■ **DATASET EXCERPTS**:
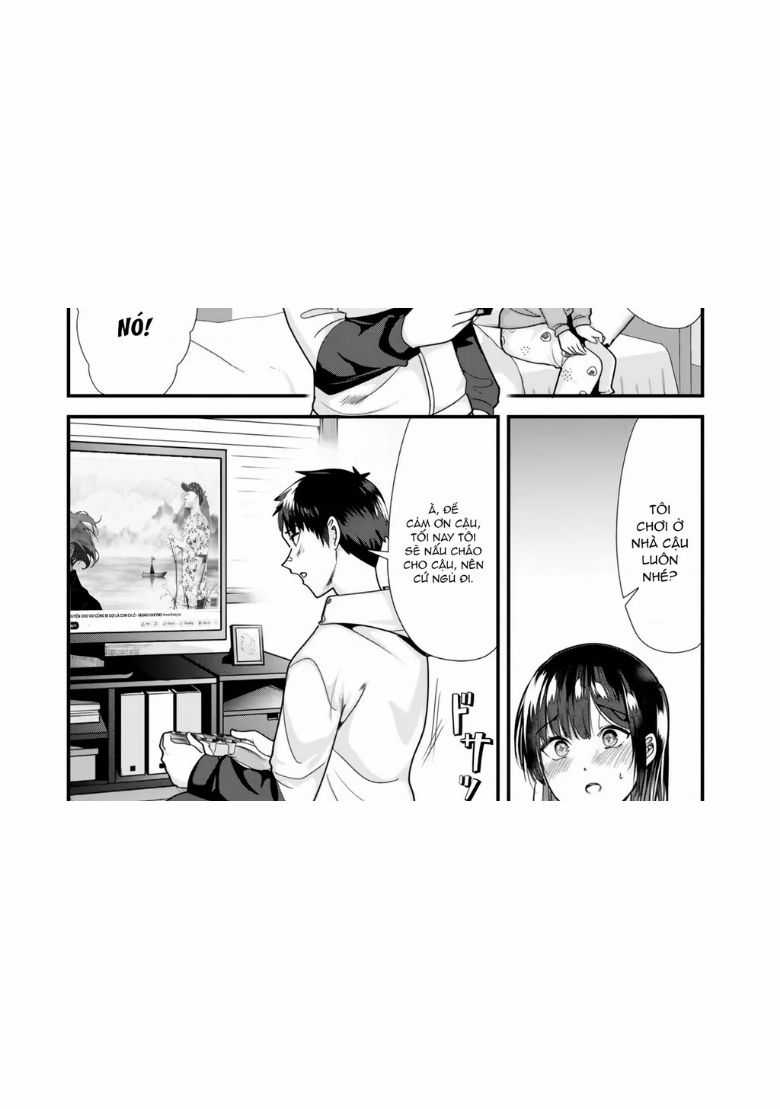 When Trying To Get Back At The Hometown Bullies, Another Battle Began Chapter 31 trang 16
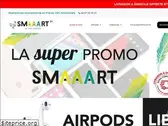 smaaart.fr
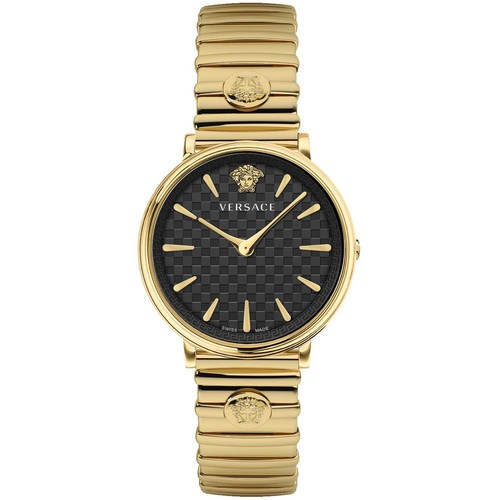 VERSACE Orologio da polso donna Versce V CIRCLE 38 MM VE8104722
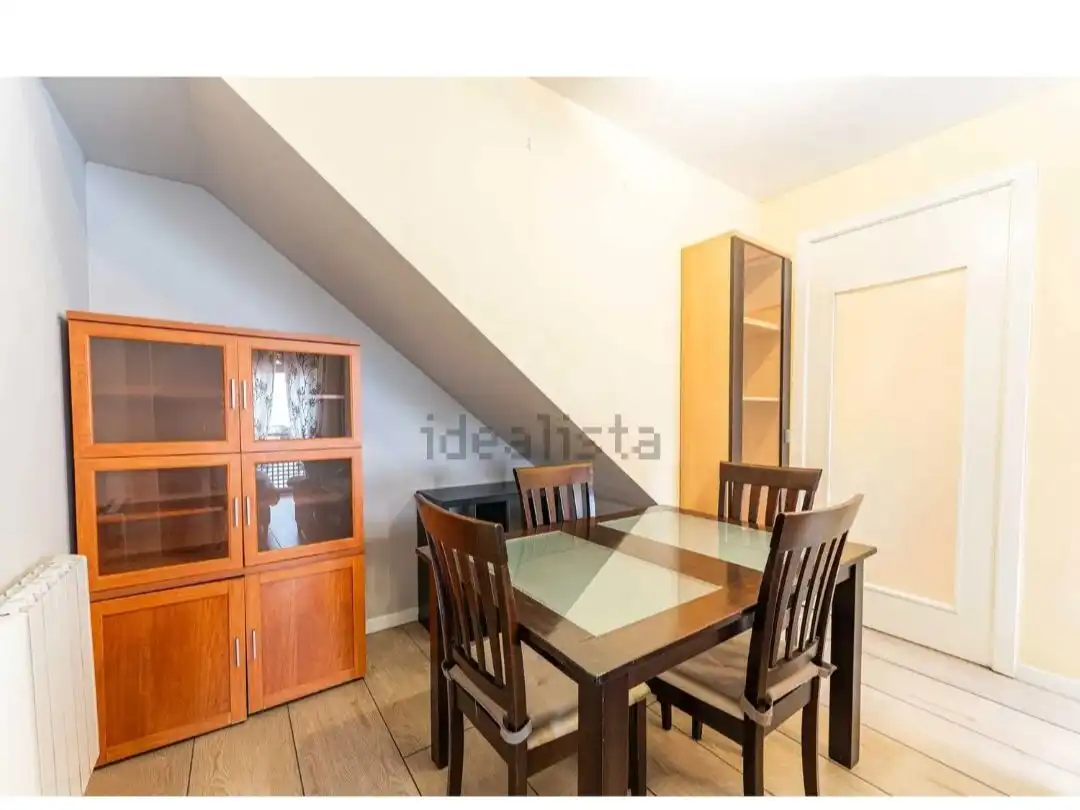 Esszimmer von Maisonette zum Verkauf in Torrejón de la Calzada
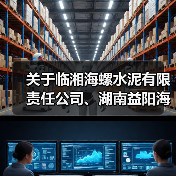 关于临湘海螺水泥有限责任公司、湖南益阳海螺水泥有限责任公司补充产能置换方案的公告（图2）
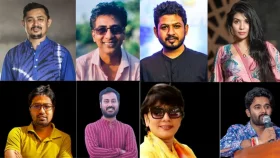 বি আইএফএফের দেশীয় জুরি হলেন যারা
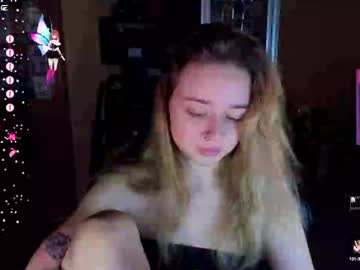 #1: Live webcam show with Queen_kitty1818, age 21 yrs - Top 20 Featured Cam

■ **ACTIVITY**:
Omit the pictures and print the listing exactly.

■ **RESPONSE BELOW**:
 When Trying To Get Back At The Hometown Bullies, Another Battle Began Chapter 31 trang 16
 smaaart.fr
 VERSACE Orologio da polso donna Versce V CIRCLE 38 MM VE8104722
 Esszimmer von Maisonette zum Verkauf in Torrejón de la Calzada
 关于临湘海螺水泥有限责任公司、湖南益阳海螺水泥有限责任公司补充产能置换方案的公告（图2）
 বি আইএফএফের দেশীয় জুরি হলেন যারা
 #1: Live webcam show with Queen_kitty1818, age 21 yrs - Top 20 Featured Cam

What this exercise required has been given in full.